Four pages of a p**sing match, every time... I always find it amusing how people are about thier airlines. Its like your little brother, you can make fun of them but if someone else does they're dead. Having pride in ones company is great, but people whos identity is directly linked to thier employers route networks, assets, and financial stats have always disturbed me.

That said, for those who are putting so much emphasis on names and reputations, lets take a look at history...

"They'd never let Pan Am go under."

"United will always be a domestic airline."

"Our smile just got wider."

"They'd never let TWA go under."

"Southwest could never come out East."

"United- US Airways?

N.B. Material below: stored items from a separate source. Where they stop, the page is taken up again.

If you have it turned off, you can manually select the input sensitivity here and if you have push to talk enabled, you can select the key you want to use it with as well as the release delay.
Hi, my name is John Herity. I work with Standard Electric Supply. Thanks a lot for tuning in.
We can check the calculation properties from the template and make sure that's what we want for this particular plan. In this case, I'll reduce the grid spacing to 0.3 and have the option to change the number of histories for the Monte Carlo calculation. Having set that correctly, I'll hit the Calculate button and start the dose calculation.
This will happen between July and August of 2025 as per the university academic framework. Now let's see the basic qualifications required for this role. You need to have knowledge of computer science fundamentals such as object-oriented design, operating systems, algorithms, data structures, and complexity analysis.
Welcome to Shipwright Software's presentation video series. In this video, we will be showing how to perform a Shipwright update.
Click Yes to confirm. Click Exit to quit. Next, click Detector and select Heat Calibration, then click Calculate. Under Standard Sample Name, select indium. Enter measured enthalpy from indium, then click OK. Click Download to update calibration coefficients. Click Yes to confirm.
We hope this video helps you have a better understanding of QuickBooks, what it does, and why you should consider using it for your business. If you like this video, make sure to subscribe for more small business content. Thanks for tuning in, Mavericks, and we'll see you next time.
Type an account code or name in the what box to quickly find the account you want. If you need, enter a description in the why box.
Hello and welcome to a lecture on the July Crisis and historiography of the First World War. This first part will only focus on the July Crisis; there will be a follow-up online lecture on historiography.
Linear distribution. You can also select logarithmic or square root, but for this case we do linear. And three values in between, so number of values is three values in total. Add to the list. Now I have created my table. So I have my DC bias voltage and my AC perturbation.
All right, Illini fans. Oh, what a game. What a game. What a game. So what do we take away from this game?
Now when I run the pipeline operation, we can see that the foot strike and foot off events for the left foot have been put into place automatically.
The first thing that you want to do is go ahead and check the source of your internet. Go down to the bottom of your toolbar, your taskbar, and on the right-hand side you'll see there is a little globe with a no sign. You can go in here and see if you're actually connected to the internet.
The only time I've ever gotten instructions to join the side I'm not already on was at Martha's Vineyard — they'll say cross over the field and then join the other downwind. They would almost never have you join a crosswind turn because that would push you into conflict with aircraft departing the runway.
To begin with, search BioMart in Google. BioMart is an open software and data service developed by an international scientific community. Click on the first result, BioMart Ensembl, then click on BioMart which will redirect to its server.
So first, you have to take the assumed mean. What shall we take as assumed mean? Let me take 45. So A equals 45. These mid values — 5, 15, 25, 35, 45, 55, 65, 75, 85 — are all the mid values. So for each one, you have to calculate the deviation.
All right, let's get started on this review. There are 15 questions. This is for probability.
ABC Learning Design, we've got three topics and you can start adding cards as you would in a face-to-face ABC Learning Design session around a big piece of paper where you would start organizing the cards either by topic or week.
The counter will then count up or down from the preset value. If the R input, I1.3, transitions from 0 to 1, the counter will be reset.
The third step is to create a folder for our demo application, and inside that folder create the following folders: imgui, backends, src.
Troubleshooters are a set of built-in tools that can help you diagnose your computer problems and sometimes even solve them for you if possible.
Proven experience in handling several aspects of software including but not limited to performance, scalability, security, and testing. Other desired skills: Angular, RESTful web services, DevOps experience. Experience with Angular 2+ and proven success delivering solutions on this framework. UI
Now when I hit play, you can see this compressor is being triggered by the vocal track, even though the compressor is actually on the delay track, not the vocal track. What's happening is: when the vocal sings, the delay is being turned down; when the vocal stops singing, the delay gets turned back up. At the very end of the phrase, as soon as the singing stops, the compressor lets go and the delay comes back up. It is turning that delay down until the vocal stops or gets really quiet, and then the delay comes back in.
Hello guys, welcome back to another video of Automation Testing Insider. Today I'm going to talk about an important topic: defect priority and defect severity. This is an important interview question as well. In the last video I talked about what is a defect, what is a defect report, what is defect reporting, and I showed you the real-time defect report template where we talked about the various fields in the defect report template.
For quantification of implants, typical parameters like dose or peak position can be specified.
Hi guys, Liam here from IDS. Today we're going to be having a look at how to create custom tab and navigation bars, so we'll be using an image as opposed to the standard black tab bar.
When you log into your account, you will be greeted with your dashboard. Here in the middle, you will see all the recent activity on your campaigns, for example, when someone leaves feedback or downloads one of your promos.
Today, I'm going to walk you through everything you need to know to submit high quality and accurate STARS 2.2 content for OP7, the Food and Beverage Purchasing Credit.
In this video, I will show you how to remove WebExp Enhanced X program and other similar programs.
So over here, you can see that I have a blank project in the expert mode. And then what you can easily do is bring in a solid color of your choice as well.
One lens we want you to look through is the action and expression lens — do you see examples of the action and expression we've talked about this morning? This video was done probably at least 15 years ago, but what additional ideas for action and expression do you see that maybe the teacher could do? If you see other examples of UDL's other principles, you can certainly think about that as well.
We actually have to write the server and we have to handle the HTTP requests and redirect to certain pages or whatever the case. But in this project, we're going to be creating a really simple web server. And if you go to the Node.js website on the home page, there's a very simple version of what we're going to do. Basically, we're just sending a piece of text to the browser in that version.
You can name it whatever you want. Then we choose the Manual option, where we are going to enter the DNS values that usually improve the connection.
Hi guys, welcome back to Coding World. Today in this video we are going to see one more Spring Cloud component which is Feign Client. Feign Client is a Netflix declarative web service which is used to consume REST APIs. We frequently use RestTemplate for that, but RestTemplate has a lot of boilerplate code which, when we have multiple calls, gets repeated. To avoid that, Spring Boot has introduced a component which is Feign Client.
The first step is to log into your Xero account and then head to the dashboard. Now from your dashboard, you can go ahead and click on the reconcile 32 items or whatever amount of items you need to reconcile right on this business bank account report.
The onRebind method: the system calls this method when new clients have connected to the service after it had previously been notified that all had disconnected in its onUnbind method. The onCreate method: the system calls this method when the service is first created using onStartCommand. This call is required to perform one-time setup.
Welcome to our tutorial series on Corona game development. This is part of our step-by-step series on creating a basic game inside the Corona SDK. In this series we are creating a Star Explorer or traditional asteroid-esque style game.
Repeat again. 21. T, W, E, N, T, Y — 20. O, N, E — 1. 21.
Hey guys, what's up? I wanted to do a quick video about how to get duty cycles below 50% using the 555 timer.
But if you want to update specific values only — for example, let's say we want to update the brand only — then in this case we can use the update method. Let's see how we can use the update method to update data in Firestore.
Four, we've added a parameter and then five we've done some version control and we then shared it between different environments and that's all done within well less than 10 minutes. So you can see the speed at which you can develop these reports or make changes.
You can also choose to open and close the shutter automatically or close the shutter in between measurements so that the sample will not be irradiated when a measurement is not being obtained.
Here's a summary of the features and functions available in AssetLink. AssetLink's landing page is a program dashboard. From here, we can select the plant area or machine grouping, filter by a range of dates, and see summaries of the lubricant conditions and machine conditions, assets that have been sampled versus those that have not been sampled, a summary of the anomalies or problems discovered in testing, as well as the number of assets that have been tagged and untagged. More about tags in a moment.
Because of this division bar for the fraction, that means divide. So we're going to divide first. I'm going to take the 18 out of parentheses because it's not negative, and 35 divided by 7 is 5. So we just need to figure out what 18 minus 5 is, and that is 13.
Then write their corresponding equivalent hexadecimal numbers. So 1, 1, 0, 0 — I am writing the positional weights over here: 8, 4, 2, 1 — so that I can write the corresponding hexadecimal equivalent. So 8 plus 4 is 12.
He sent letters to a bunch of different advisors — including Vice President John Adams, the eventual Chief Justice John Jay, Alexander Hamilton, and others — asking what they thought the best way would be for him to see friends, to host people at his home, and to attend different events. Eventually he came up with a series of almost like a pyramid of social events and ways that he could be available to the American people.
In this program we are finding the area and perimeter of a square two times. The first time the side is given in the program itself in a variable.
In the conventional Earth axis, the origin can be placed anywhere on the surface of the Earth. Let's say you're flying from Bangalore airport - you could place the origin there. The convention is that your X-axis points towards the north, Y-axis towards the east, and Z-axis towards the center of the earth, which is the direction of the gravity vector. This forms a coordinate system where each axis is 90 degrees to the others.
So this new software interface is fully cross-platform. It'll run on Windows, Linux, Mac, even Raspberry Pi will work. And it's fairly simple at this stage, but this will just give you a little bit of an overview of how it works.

It's a done deal."

"Regional jets are a novelty."

"US Airways will be gone by the start of 2003."

"We will treat TWA's employees fairly."

"Low fare carriers provide unsafe, poor service, on aging aircraft."

"British Airways and USAir, a match made in heaven."

"Trump Shuttle's really gonna take off, everything he touches turns to gold."

"They can't furlough us, it's in our contract."

"PeoplExpress, what a great airline- they're flying overseas now!"

"Nobody will fly AirTan, they know its ValuJet."

"JetBlue? They'll never be successful."

Its a crazy industry where the opposite of what anyone thinks is usually what happens. Which is why I say Shuttle America is buying United Airlines, US Airways will end up an exclusively an Inter-Asia airline, and Southwest will operate a standardized fleet of Airbus 340s.